Sore hari. Kamar Putri Deok Man.
“hamba memohon menghadap Tuan Putri..” seru seorang kasim dari balik pintu. “masuklah..” jawab Deok Man. Kasim itu melangkah masuk dan memberi hormat kepadanya, lalu menyerahkan sebuah gulungan surat untuknya dan pergi. Deok Man segera mengambil dan membaca surat itu. Ia pun segera beranjak dari tempat duduknya dan pergi meninggalkan ruangannya.
Ruang Kerja Raja
“Putri Deok Man meohon menghadap Yang Mulia Raja..” seru seorang kasim penjaga pintu. “ masuk..” jawab Raja. “sraak..” Deok Man melangkah masuk dan member hormat kepada Yang Mulia lalu duduk. “Putri Deok Man sudah membaca suratku?” tanya Yang Mulia Raja. “sudah Yang Mulia…Yang Mulia menulis bahwa Yang Mulia akan membuat keputusan…” Yang Mulia Raja mengangguk lalu membuka gulungan yang diberikan Bi Dam tadi dan membacanya. “….tertanda Perdana Menteri Bi Dam..” ujar Yang Mulia Raja begitu selesai membaca gulungan itu. “jadi Yang Mulia membuat keputusan untuk..” ujar Deok Man. “untuk menyerahkan keputusan mengenai masalah ini ke tangan kalian berdua..” jawab Yang Mulia. “meskipun Putri Deok Man adalah anggota kerajaan…tapi Putri juga bagian dari kehidupan Perdana Menteri Bi Dam..oleh karena itu hanya Putri dan Perdana Menteri berdualah yang bisa menyelesaikan masalah ini…bicarakanlah dengan baik-baik dan aku akan menerima keputusan apapun dari kalian berdua..” ujar Yang Mulia Raja sambil tersenyum. Deok Man sempat tercengang mendengar jawaban Yang Mulia Raja. Jawaban yang bijaksana dari keponakannya yang sudah menjadi raja itu. “kakak..rupanya putramu sudah menjadi raja yang bijaksana…” pikir Deok Man. “baik Yang Mulia..”jawab Deok Man.

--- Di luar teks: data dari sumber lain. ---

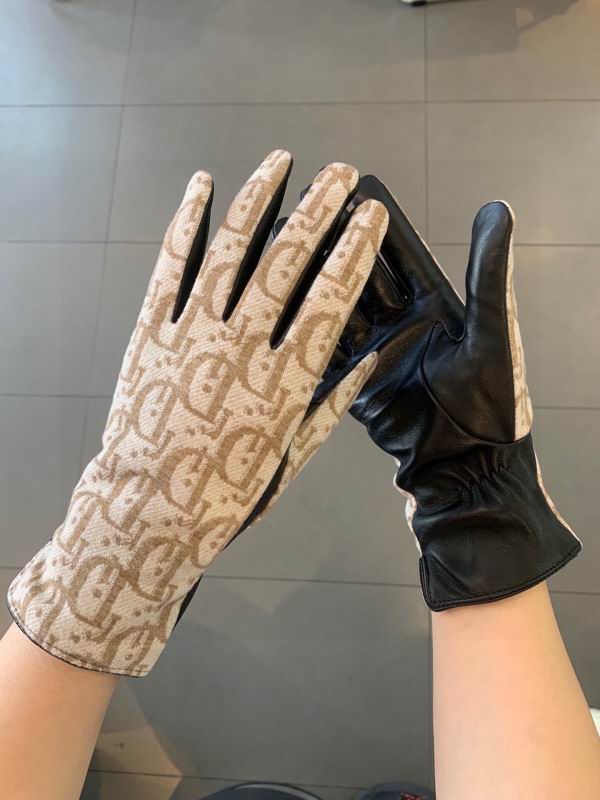 Dior Gloves hm (45)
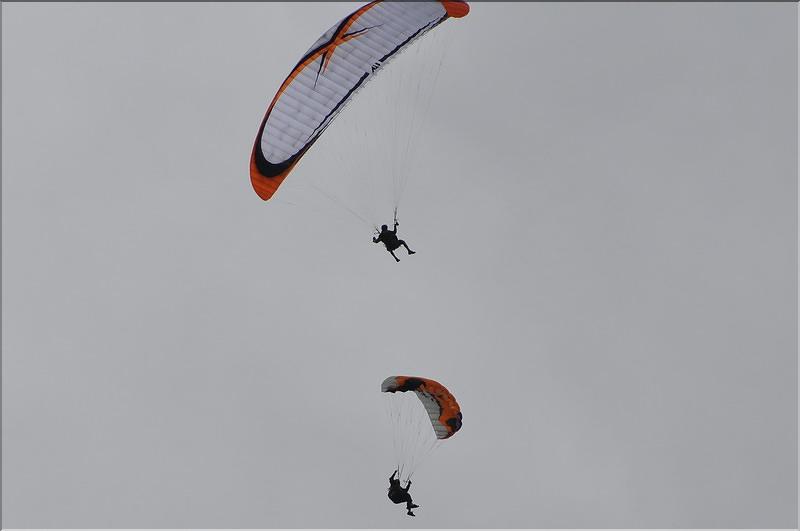 divers_11685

Malam hari. Pelataran Istana.
Situasi siaga tak terduga seperti ini, membuat Bi Dam harus bekerja ekstra keras membaca semua laporan mengenai situasi dan pergerakan negara-negara yang sedang berperang dengan Shilla yakni Baekje dan Goguryeo. Laporan mengenai aktivitas militer Baekje adalah laporan terakhir yang harus ia baca. “tak ada pergerakan apapun dari kubu Baekje..apakah mereka hanya ingin menyaksikan perang antara Shilla dan Goguryeo?” pikir Bi Dam begitu membaca laporan itu. Setelah selesai membaca dan merapikan semuanya, “uhmm..” Bi Dam berusaha merenggangkan badannya yang pegal setelah duduk terlalu lama. Hanya tinggal dirinya sendiri di dalam ruangan, ia pun memutuskan untuk keluar dari ruangannya dan jalan-jalan sejenak menghilangkan kepenatan. “keputusanku adalah..menyerahkan keputusan mengenai masalah ini ke tangan Putri Deok Man dan Perdana Menteri Bi Dam untuk membicarakan masalah ini berdua, sepakat membuat penyelesaian masalah ini bersama….dan aku menerima apapun keputusan dari kalian berdua..”kata-kata itu kembali terngiang dalam benaknya.”apakah sebaiknya aku berbicara dengannya sekarang?”pikirnya. “sraak” Bidam melangkah keluar dari ruangannya. “Deok Man…” gumam Bi Dam terkejut melihat siapa yang sedang berdiri di pelataran luar ruangannya. Bi Dam segera memberi hormat. “Bi Dam ada yang harus kubicarakan denganmu..tetapi tidak di sini…” ujar Deok Man. “baik Tuan Putri..” jawab Bi Dam.